Civil society groups and individuals have called for an immediate moratorium on the use of the Prevention of Terrorism Act (PTA).
In a statement titled ‘Civil Society Statement on Government Proposals to Reform the Prevention of Terrorism Act’, they said: We reiterate that national security cannot be achieved by creating insecurity for already discriminated against and marginalized communities, and call for the repeal of the PTA. The repeal of the PTA must also be considered in light of the anti-terrorism and public security legal framework that Sri Lanka has in place, and the historical abuse of power by state entities.”

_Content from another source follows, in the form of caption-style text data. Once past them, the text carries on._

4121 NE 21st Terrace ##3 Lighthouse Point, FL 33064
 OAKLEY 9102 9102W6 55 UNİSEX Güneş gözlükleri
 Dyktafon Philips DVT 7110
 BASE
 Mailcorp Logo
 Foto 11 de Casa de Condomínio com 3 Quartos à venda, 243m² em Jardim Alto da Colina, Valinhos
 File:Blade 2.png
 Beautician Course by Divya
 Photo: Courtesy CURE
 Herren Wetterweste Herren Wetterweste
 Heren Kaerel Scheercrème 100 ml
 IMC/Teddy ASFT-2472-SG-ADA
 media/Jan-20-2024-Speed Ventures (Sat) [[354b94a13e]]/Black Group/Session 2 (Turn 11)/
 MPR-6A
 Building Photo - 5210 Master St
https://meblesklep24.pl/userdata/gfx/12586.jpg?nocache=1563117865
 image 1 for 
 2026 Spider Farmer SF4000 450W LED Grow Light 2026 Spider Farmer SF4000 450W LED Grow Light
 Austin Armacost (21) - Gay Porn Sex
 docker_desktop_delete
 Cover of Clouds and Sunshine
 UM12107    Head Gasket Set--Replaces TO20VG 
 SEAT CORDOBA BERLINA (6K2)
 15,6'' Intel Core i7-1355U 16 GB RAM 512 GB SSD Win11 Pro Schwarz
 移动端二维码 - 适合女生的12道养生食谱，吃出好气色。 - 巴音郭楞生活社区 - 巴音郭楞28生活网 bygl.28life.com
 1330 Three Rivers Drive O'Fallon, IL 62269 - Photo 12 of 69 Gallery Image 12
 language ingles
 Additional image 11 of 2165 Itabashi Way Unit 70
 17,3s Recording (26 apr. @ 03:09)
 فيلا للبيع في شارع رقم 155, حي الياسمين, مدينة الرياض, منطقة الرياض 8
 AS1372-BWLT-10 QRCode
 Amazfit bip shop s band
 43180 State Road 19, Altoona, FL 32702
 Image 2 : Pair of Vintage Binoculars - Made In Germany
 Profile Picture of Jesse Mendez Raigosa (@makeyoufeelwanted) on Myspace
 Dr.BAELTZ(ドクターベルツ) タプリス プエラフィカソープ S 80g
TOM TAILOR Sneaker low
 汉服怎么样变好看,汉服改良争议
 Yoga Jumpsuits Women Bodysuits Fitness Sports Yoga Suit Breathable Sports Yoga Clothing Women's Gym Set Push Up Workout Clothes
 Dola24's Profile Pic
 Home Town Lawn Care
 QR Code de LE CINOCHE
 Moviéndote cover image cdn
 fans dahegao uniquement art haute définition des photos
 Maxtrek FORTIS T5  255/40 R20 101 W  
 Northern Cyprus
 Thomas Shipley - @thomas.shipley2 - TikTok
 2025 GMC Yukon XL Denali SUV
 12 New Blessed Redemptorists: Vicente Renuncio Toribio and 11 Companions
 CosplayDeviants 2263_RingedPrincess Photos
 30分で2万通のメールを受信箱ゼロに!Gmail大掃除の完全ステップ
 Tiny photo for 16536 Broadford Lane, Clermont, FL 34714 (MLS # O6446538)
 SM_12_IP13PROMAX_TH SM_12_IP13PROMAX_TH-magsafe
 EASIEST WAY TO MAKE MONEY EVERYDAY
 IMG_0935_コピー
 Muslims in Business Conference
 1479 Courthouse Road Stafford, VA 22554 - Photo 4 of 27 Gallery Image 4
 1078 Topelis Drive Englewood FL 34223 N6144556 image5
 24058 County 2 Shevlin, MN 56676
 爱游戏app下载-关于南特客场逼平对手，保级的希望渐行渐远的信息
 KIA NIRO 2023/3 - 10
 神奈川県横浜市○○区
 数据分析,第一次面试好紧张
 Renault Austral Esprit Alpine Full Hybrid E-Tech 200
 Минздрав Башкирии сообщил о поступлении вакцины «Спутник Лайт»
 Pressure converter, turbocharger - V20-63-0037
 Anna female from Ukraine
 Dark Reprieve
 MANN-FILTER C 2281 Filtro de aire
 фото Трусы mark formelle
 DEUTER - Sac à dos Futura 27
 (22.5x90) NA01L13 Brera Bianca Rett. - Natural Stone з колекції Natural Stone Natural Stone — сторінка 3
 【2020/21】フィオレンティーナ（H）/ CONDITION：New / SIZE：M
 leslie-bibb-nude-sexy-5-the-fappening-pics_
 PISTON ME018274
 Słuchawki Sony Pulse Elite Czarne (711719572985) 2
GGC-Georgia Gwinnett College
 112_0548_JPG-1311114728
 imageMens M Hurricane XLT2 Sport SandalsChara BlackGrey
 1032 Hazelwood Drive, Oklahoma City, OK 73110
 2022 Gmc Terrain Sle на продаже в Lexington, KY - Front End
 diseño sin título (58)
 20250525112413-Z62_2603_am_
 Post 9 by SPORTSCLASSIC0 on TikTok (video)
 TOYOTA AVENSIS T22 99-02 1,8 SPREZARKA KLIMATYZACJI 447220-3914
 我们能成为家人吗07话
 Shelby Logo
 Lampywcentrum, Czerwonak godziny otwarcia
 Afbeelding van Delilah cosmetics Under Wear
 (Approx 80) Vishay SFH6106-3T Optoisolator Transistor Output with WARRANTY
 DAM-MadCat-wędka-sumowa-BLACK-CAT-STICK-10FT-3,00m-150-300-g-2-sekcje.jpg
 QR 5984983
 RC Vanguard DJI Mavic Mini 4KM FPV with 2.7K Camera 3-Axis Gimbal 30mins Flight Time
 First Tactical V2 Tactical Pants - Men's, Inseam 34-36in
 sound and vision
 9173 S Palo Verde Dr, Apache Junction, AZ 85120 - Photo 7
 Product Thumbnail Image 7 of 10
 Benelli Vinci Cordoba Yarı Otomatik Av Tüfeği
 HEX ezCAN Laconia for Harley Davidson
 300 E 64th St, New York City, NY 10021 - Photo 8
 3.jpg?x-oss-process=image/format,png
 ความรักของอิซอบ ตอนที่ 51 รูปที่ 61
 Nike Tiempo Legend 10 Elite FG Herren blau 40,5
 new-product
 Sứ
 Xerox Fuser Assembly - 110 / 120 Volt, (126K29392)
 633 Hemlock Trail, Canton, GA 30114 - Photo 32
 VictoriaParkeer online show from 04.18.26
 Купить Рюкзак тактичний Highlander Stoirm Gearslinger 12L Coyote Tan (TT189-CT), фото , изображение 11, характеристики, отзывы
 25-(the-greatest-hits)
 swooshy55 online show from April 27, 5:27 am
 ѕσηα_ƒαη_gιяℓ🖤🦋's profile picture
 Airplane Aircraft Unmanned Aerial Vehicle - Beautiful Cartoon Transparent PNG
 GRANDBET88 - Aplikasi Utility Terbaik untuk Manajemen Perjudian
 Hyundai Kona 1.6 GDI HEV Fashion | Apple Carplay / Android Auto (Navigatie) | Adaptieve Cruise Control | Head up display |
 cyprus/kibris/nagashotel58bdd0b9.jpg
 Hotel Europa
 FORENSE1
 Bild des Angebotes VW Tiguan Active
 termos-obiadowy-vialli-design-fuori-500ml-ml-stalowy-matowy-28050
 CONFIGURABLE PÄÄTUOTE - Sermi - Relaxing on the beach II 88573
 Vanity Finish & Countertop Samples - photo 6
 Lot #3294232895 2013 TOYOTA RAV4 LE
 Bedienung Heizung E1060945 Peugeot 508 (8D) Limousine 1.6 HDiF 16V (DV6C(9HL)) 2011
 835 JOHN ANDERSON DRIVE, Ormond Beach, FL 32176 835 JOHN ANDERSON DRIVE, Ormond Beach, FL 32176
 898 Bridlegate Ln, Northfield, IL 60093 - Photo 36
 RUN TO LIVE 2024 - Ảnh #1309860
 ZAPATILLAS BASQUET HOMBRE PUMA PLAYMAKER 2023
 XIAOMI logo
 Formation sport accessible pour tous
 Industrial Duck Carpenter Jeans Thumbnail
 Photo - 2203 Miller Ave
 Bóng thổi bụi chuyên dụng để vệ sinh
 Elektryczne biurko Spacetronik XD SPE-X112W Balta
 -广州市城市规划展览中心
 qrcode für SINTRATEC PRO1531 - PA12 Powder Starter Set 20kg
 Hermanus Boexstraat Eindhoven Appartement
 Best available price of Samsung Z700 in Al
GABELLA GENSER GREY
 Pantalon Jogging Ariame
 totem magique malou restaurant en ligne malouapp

Full text of the statement: In June 2021 the government of Sri Lanka announced it would ‘reform’ the Prevention of Terrorism Act (PTA) and appointed a Ministerial Sub-Committee for that purpose. It was reported in the media that Kamal Gunaratne, the Secretary, Ministry of Defence and the head of the Technical Committee that functions under the Ministerial Sub-Committee, submitted the Technical Committee’s recommendations to the Ministerial Sub-Committee in November 2021.
Historically, for decades, the PTA has been weaponized against the Tamil community, and following the Easter attacks against the Muslim community as well. This has resulted in the victimization of members of these communities. It was also used against the Sinhalese during the JVP insurrection and now against dissenters. We reiterate that any process which seeks to tackle issues related to the PTA must address this factor to ensure those adversely affected by the law will receive justice, including reparations.
While the government has not shared its plans for the supposed “reform” of the PTA with the public, we note the Sri Lanka Consensus Collective’s (SLCC) statement of 29 November 2021 sets out proposals for reform the government shared with the said group. In the absence of official communication by the government, we consider the elements contained in the SLCC statement as the changes being deliberated by the government. We note that nearly all so-called changes proposed already exist in law and do not address any of the shortcomings in the PTA that enable grave human rights violations.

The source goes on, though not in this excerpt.